*WORK INSTRUCTION*: Every line of the material is to be returned verbatim. Pictures stay out.

*DATA BELOW*:
_ _ _

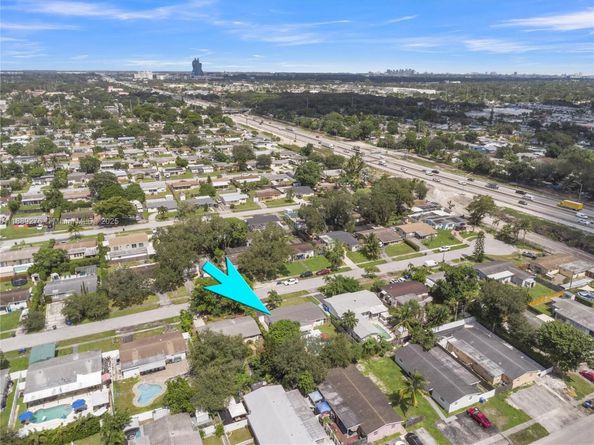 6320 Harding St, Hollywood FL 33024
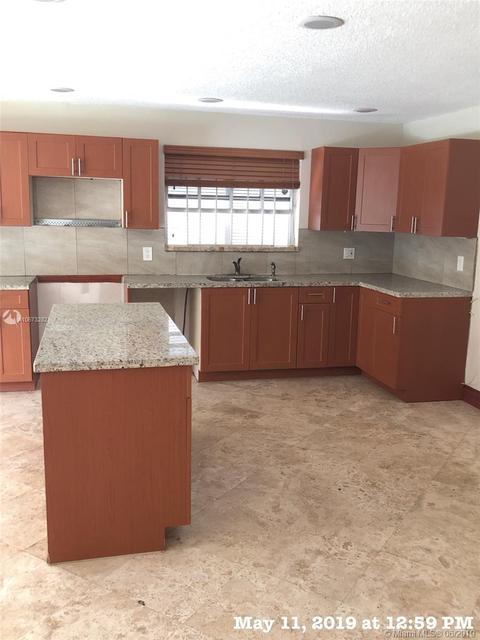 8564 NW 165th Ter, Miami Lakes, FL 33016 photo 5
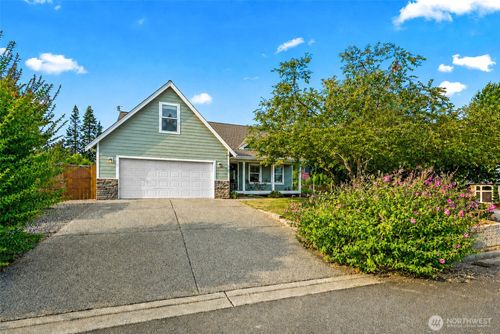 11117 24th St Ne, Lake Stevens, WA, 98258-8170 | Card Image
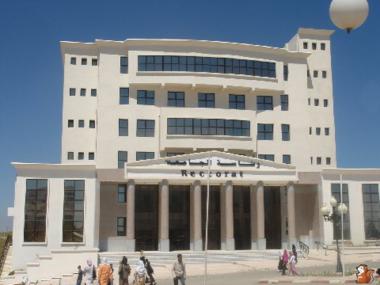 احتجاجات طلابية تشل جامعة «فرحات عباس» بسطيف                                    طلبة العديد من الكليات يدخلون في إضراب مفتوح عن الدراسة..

_ _ _

*RESPONSE AREA*:
 6320 Harding St, Hollywood FL 33024
 8564 NW 165th Ter, Miami Lakes, FL 33016 photo 5
 11117 24th St Ne, Lake Stevens, WA, 98258-8170 | Card Image
 احتجاجات طلابية تشل جامعة «فرحات عباس» بسطيف                                    طلبة العديد من الكليات يدخلون في إضراب مفتوح عن الدراسة..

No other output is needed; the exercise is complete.